In Michael Shean's futuristic noir, Shadow of a Dead Star, we follow the gut instincts of Thomas Walken, an agent with the Industrial Security Bureau in Seattle, 2078. In a world where technology and commercialism is god, it is up to Walken to keep black-market technology off the Seattle streets. He has no idea that when he's sent to intercept a shipment of smuggled Princess Dolls, which are little girls turned into sex toys, that his entire world, and the world as he knows it will be lost to him forever. When the dolls are stolen out of custody, Walken is put on the spot to find out the who and why behind it and this time it's not just his job on the line, but his life.
Shean's writing rips you out of your comfortable chair and hurls you directly into the story. It is one thing for a writer to write a story about a dark and brooding place, it is something entirely different when the reader can actually feel the coldness and the despair emanate from the page. Shadow of a Dead Star captures the spirit, or actually, lack-of spirit that the noir genre is so popular for. Walken hates the world as it has become; a world where most people have more hardware in them then actual organs. He has no implants, or upgrades to help him to do his job, yet he relies on his gut instincts, instincts that have proven to be very useful in the past. He's a loner, again a must for the noir genre, someone who does his job because it's his job and moves on.
One of the questions Shean tackles within this novel that I absolutely loved is that of humanity and what makes us human. In Walken's future people can hook themselves up to computers for a plethora of reasons from receiving and sending data to performing sexual acts amongst others. When people talk about the Princess Dolls its done with a sense of disconnect and apathy. These dolls were once human girls who were abducted and turned into robots and because of that last part, that is how society sees them, as robots. Everyone, that is, except for Walken. When he finds the smuggled shipment of dolls he sees three little girls and his stomach turns.
To further the debate, Shean introduces Bobbi January to the story. She fully takes advantage of technology and the advancements in place to help alter your body and mind. She also views the dolls as just that, a doll engineered for whatever the buyer wants; to her they are no longer human. But the question then becomes, what makes someone human? Bobbi can hook herself to any mainframe and collect and scatter data, she, in a sense, becomes a computer.

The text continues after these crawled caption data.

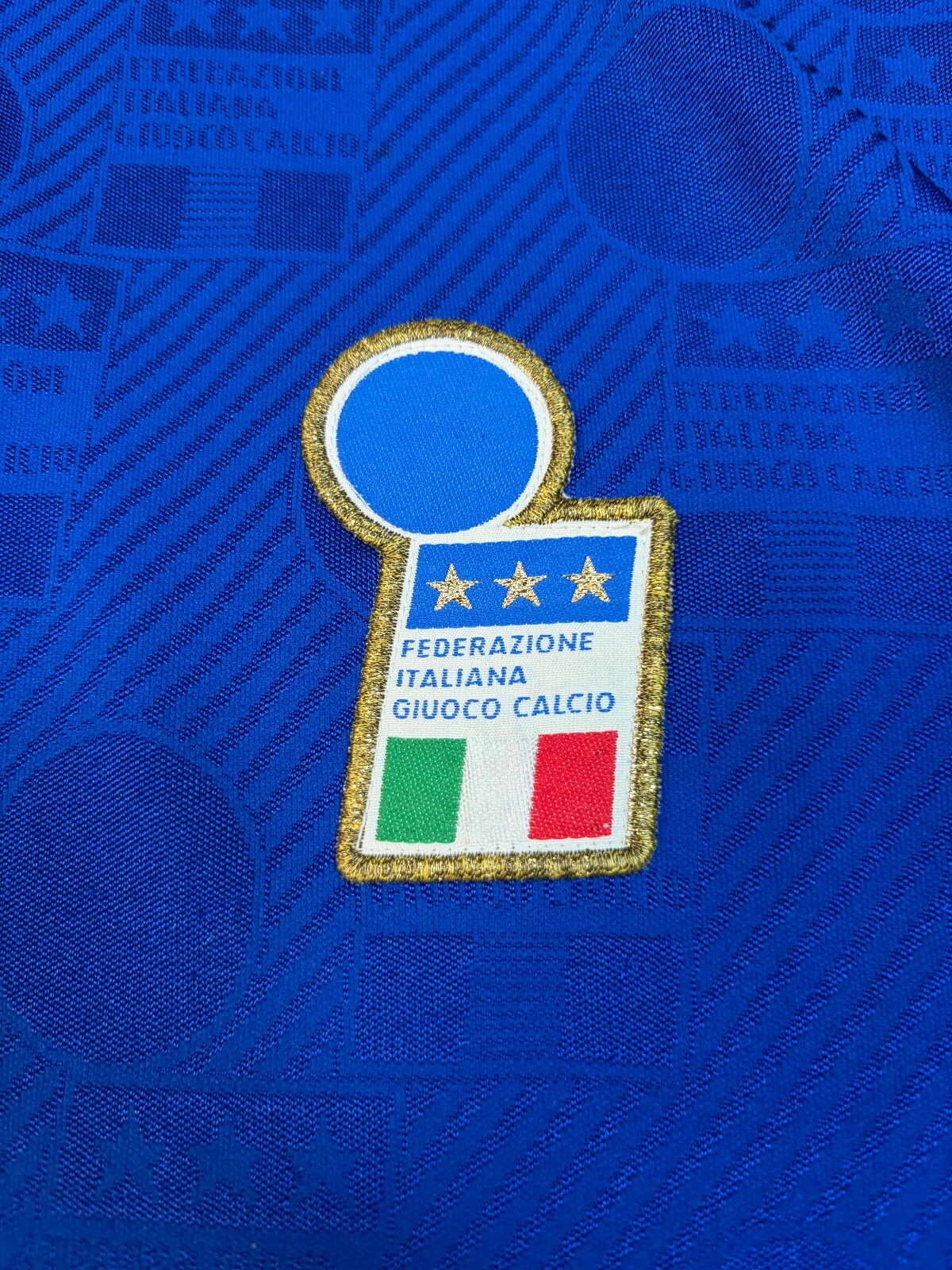 Vintage 90s Italy 1994 Diadora football shirt (XL)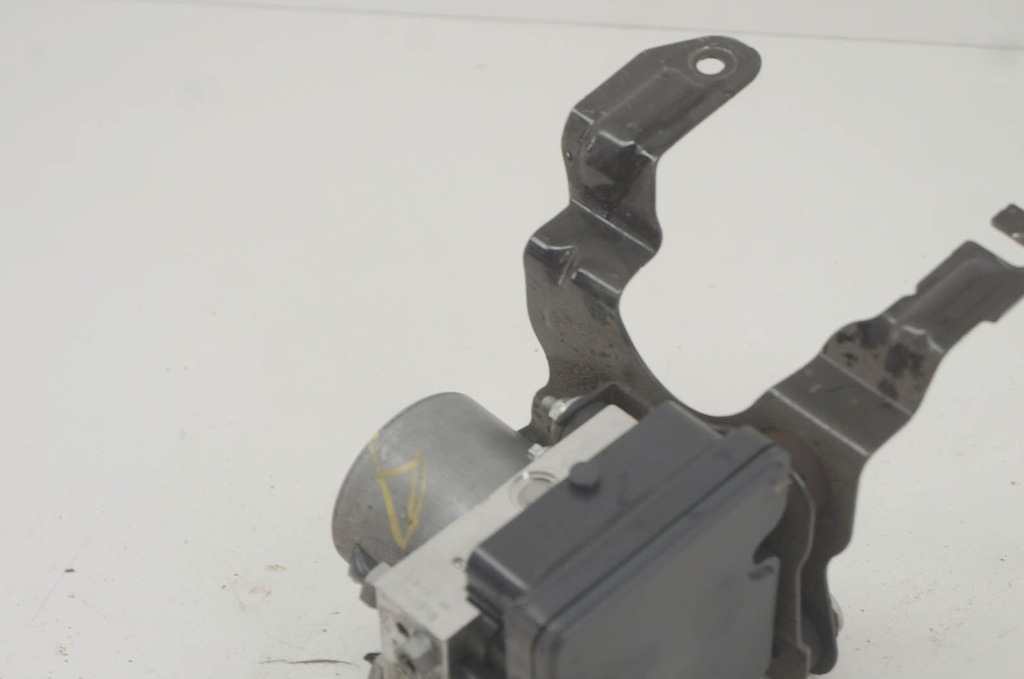 фото №5, Fz309 jaguar xe x760 2.0d насос abs 0265244340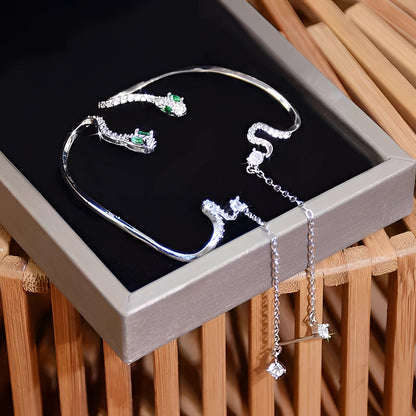 Luxury Emerald Crawler Chain Link Earrings - Statement Gemstone Jewelry
 - ModishWorld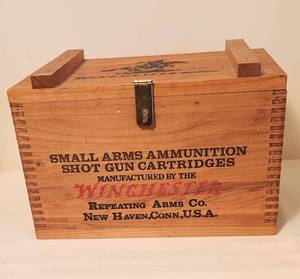 lot 1050 image: Winchester Western Wood Ammo Box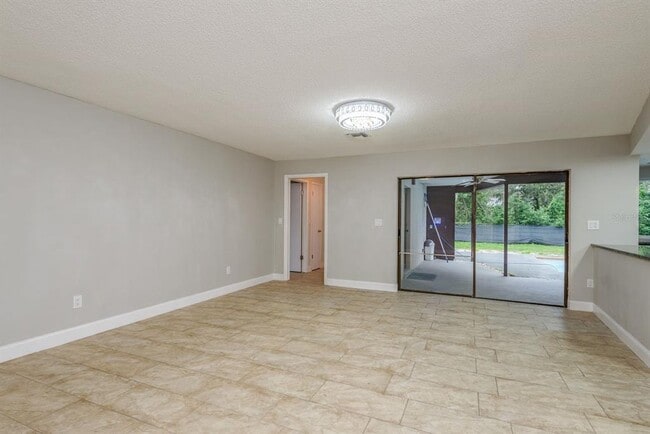 Building Photo - 1690 Curlew Rd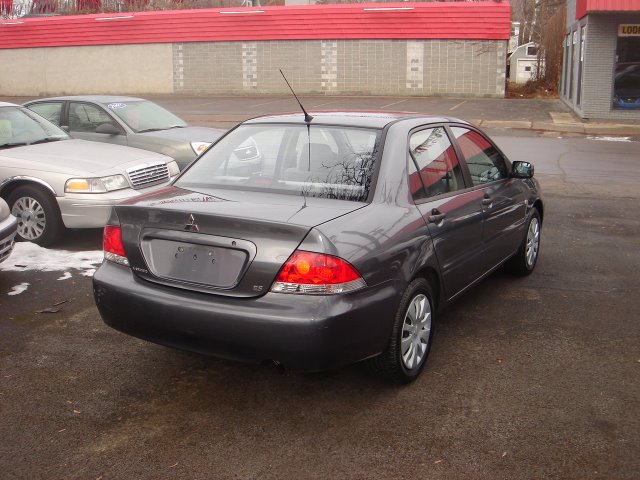 2006 Mitsubishi Lancer LW2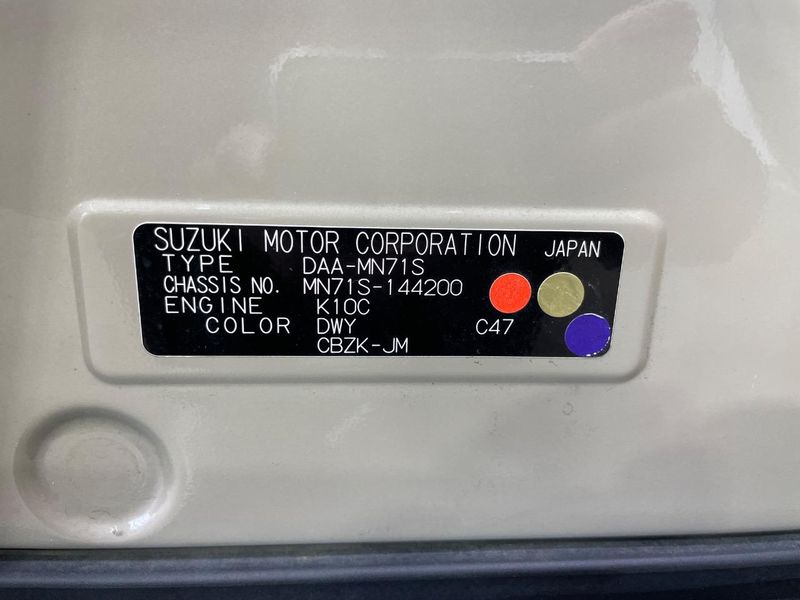 2019 Suzuki XBEE（クロスビー） DAA-MN71S (UW-6a5ee3ca0e72e)[1]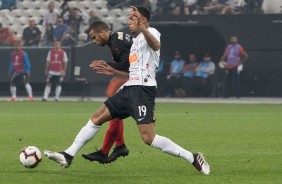 Gustavo em ação no jogo contra o Deportivo Lara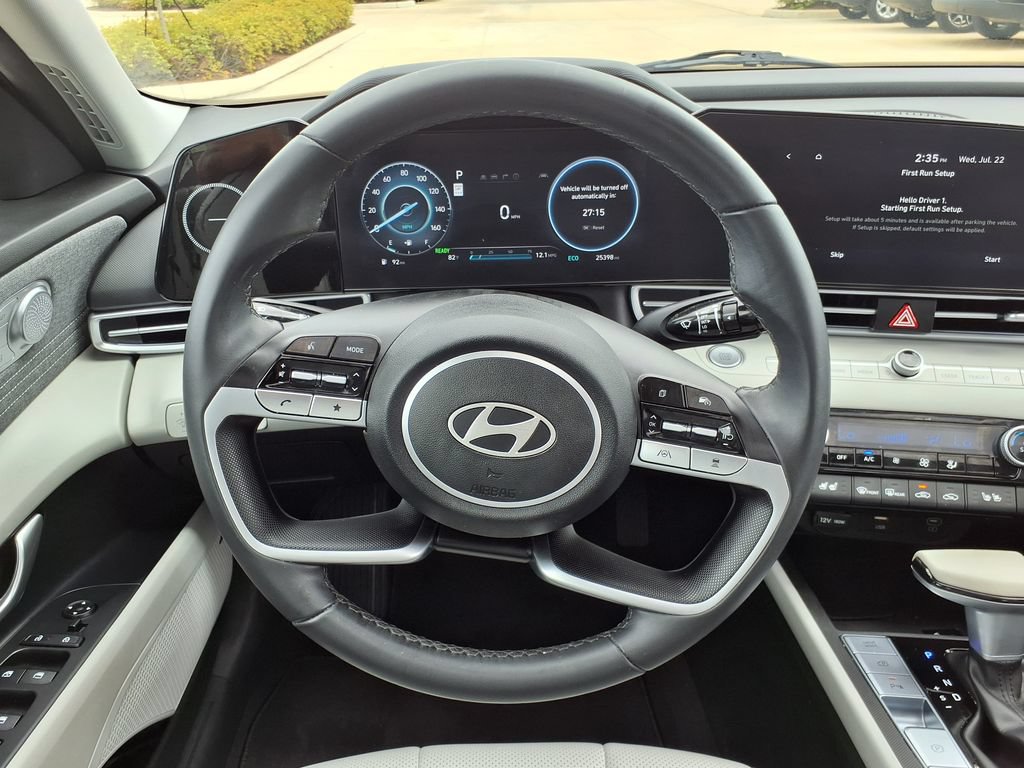 Used 2024 Hyundai Elantra Limited FWD image 24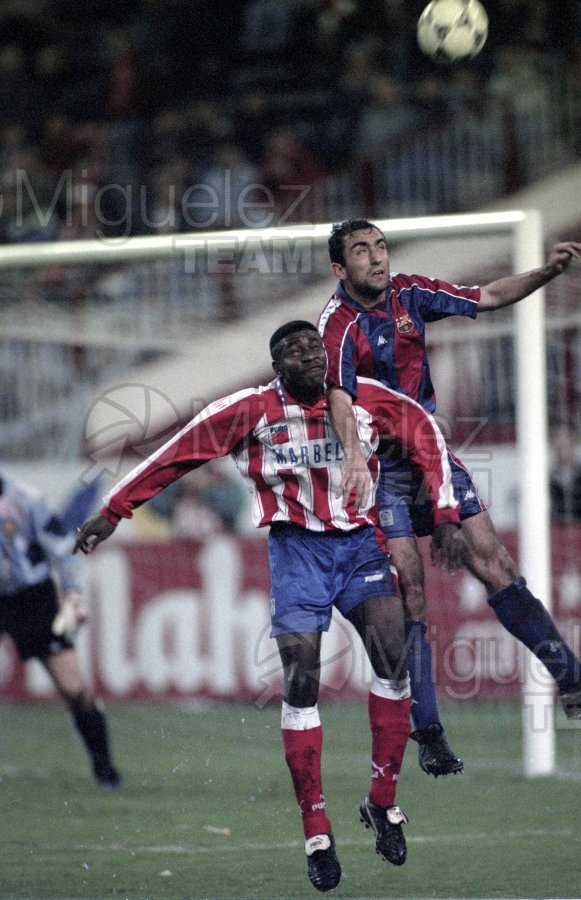 Partido de COPA DEL REY entre el ATLÉTICO DE MADRID-BARCELONA en el estadio Vicente Calderón de Madrid. 1995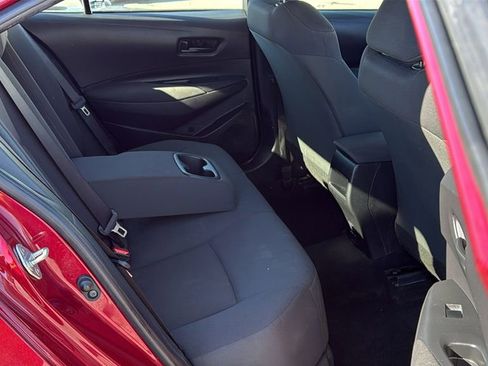 Used 2022 Toyota Corolla LE image 12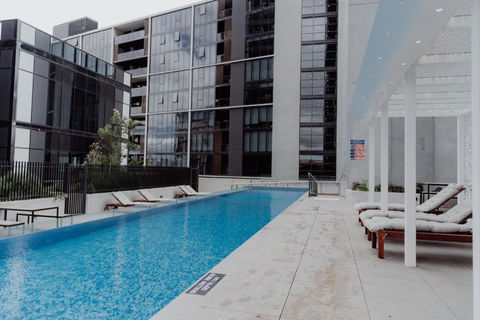 Panoramic Lake View 2-Bed With Pool, Gym And BBQ - Accommodation Fremantle 3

However, even though she is as enhanced as one can get without actually turning into a robot, Bobbi, oddly enough, is Walken's voice of reason. She becomes his truth in a world made up of illusions. Walken has become so jaded by life and all that he has seen that this new way of life can only mean bad things. Bobbi tries to open him up, to make him see the world for what it is; she challenges him to stop feeling sorry for himself and to realize that the path he was on was not going to give him the answers he was looking for.
Shean's twisted tale blends technology, depravity and greed with the popular elements of science fiction and noir together into a seamless plot with few slow spots and plenty of action. His writing is fluid and the story had just enough complexity to keep you reading to find out the answers but not too much that you'd be left scratching your head.